Key Senate Republicans are considering gradually raising the Social Security (search) retirement age as high as 69 over several years as they struggle to jump-start legislation that President Bush has placed atop his second-term agenda, officials said Tuesday.
Under current law, the retirement age for full Social Security benefits is 651/2 and is scheduled to reach 67 for those born in 1960 or later.
The possible increase to 69 over two decades or more was among the suggestions that Iowa Sen. Charles Grassley (search), chairman of the Senate Finance Committee, presented to fellow Republicans on the panel last week as part of an attempt to give the program greater financial solvency, the officials said.
Grassley also suggested steps to hold down benefits for upper-wage earners of the future, these officials have said previously. They spoke only on condition of anonymity, saying the discussions were confidential.

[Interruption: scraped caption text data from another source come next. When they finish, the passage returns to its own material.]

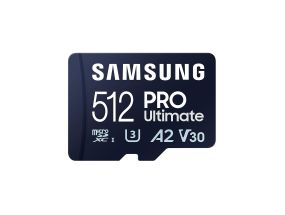 Samsung PRO Ultimate, microSDXC, SD adapter, 512 GB - Memory card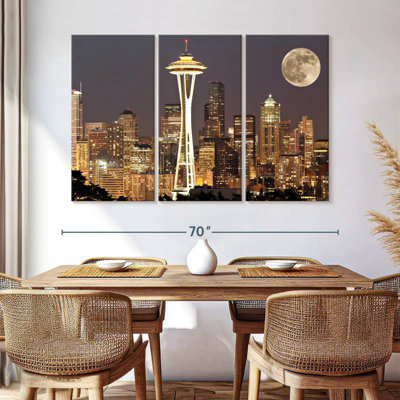 Sebbie Supermoon Over Seattle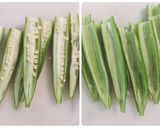 【離乳食 中期】オクラペースト きざみ作り方3写真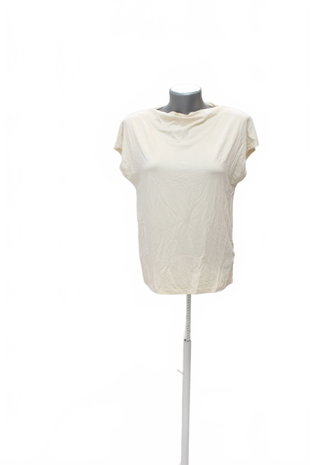 Damen -T-ShirtLindexohne Aufdruck,farbebeige,größeXS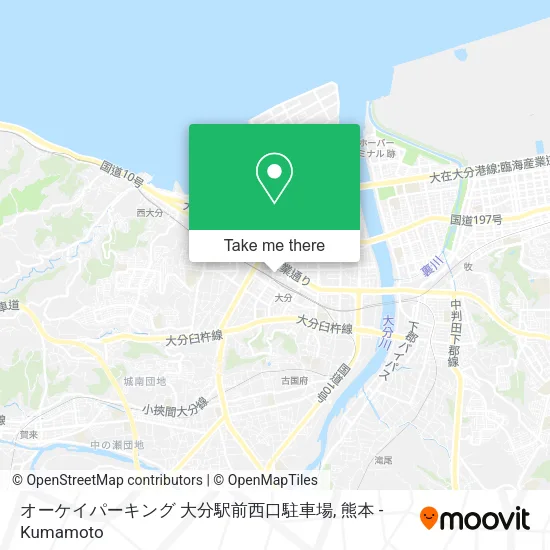 オーケイパーキング 大分駅前西口駐車場 map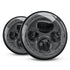 Pair of STEDI IRIS 7 inch chrome LED headlights front on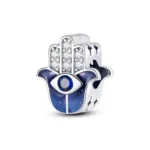 Charm mano de fátima azul circones — silverglam Charm mano de fátima azul circones — silverglam
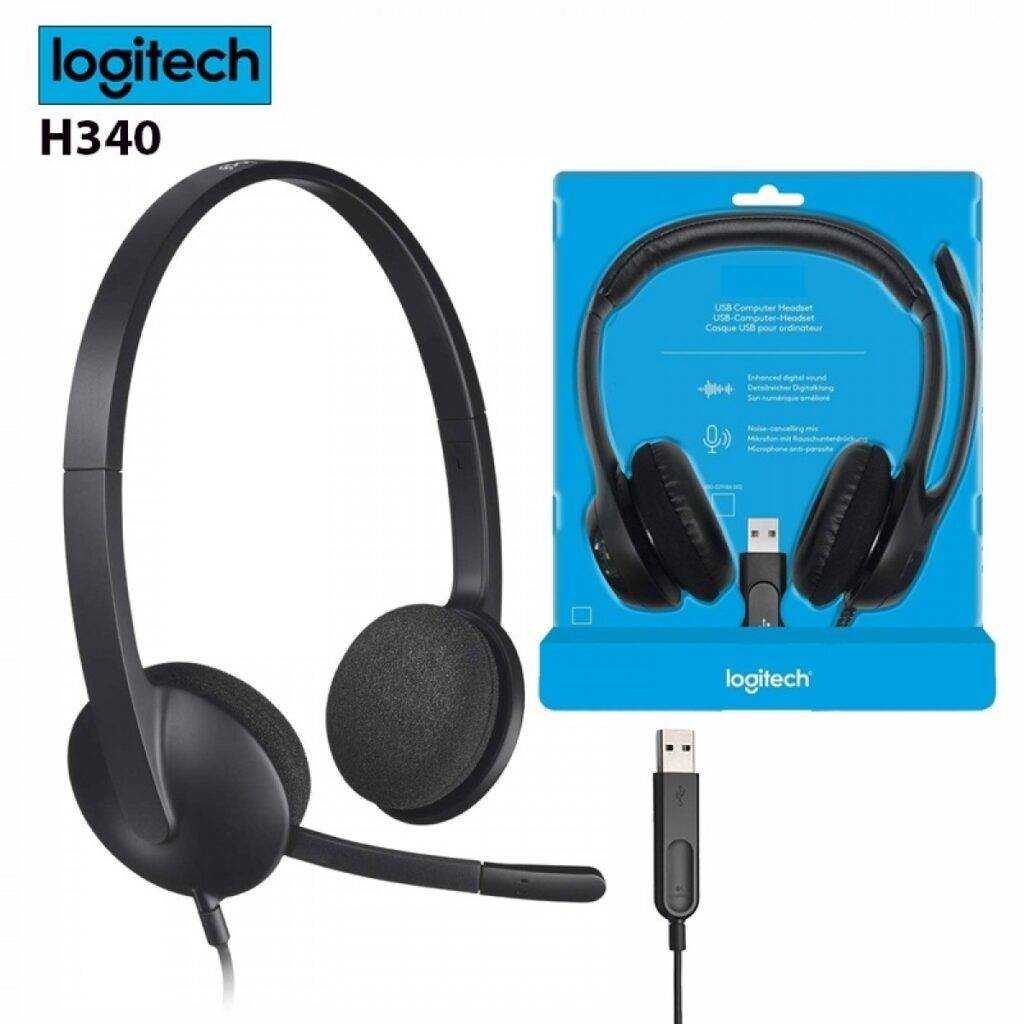 Logitech H340 USB PC Headset with Noise-Cancelling Mic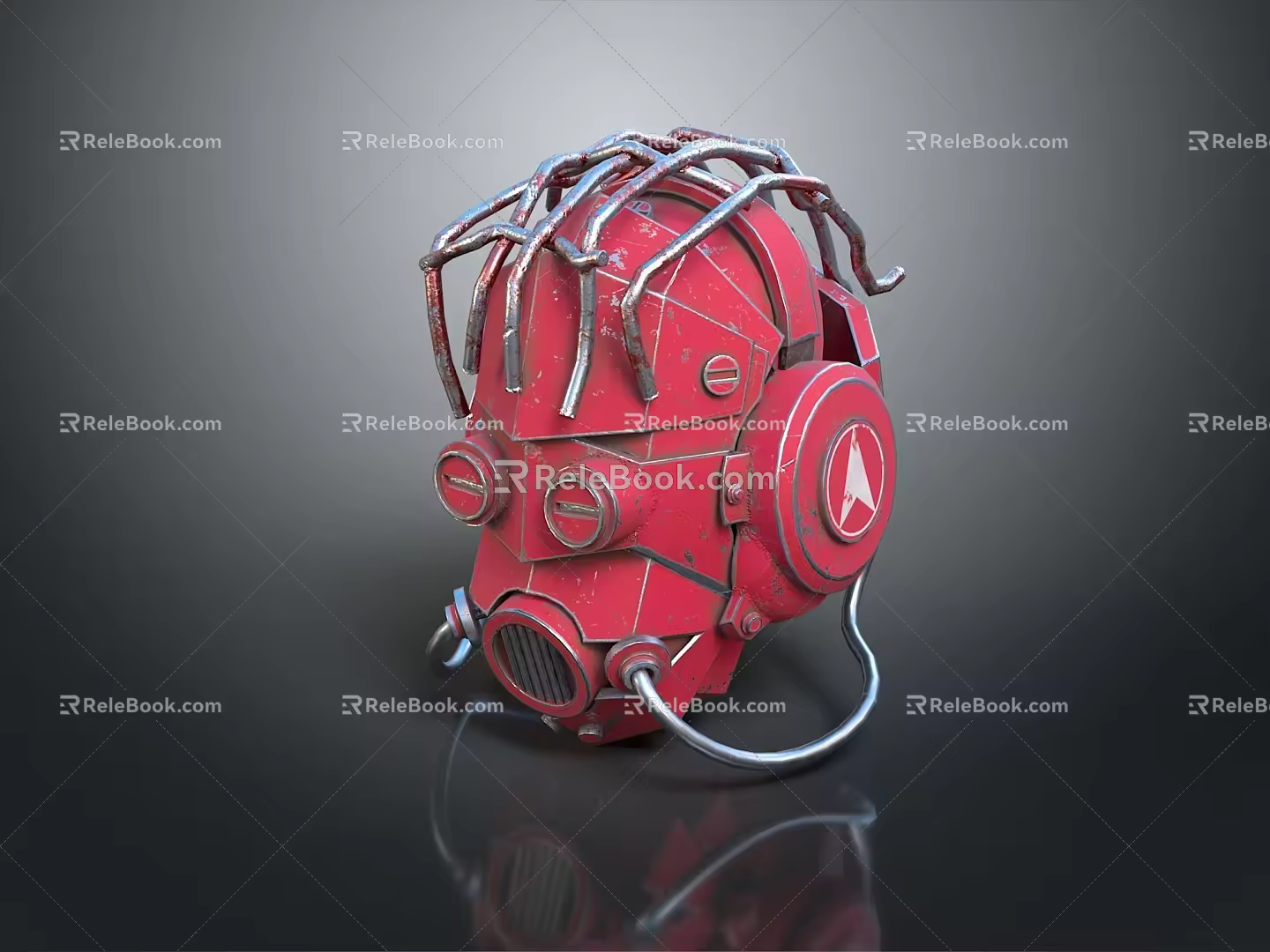 Sci-Fi Helmet Alien Helmet High Tech Helmet Game Helmet 3d model
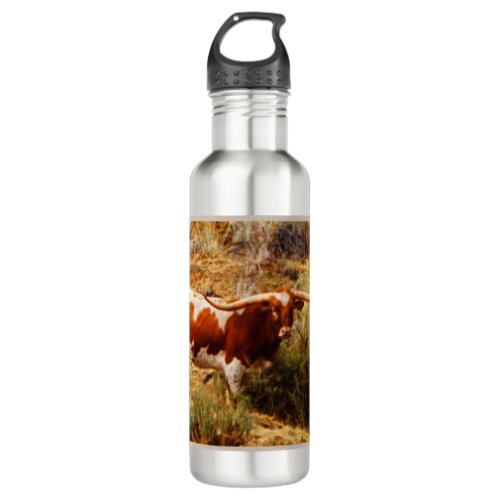 Texas Longhorn Western Water Bottle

The disclosures surfaced as Bush campaigned in Pennsylvania for changes in Social Security, including creation of voluntary personal accounts for younger workers — a step that would be accompanied by a reduction in the promised government benefit.
Speaking to a convention of the Pennsylvania FFA — formerly known as the Future Farmers of America (search) — Bush said he wants to "make sure the system is a better deal for younger workers" and assured older people in the audience that they would continue to get their promised benefits.
The students would get the same benefits that seniors today receive, Bush said, without mentioning that his plans involve a reduction in the benefits younger Americans have been promised in their own retirement.
In a fresh illustration of the political stakes surrounding the issue, Democrats charged that rural Americans would be hit hardest by Bush's plans, which they consistently describe as privatization.
"Rural Americans tend to be older and more likely to depend on Social Security. In fact, more than 90 percent of counties in America with high senior populations are rural counties. In 2001, 20 percent of rural Americans were 60 years old or older, significantly higher than the 15 percent of seniors living in metropolitan communities," Reps. Stephanie Herseth, D-S.D., and Bob Etheridge, D-N.C., said in a joint statement. The two co-chair the Democratic House Rural Working Group.
Republicans on the Finance Committee are scheduled to meet privately on Thursday as they continue searching for agreement among themselves on legislation that achieves the goals Bush laid out in his State of the Union address last winter.
The fate of the effort is unclear, and some Republicans in Congress have suggested in recent days that the issue may not reach the Senate floor until September at the earliest. House Republicans have said in the past it's possible they will wait for the Senate to act first before they plunge into the politically sensitive issue.
The president has called for a bill to create permanent solvency for the program, and he also wants the bill to give younger workers the option of establishing a personal retirement account financed from a portion of their payroll taxes.
Under current predictions, Social Security will begin to pay out more in benefits than it receives in tax receipts in 2017, and the trust funds will be depleted in 2041. At that point, benefits will be cut to adjust for the reduction in available funds.
Along with curbs in benefits or increases in taxes, raising the retirement age is one of three general approaches that lawmakers can consider as they try to improve the solvency of Social Security.
Officials statistics show that Americans, on average, can expect to live longer than was the case when Social Security was created, meaning that they will receive more in lifetime government benefits than projected. At the same time, there are fewer workers paying into the Social Security trust funds per retiree than was the case in past decades.
Raising the retirement age is unpopular, according to some surveys.
Several officials said Grassley's suggestion for raising the retirement age would be phased in, possibly over two decades or more. The details would depend on future demographic trends, they said.
Crafting legislation has proven to be a challenge in Congress, even though the president has campaigned energetically in an attempt to build public support for his proposals. With public opinion polls showing tepid support for personal accounts, many Republicans have been reluctant to embrace the idea.
For their part, Democrats are unified in their opposition and threatening to use the issue as a major theme in the 2006 elections, when all members of the House and one-third of the Senate are on the ballot.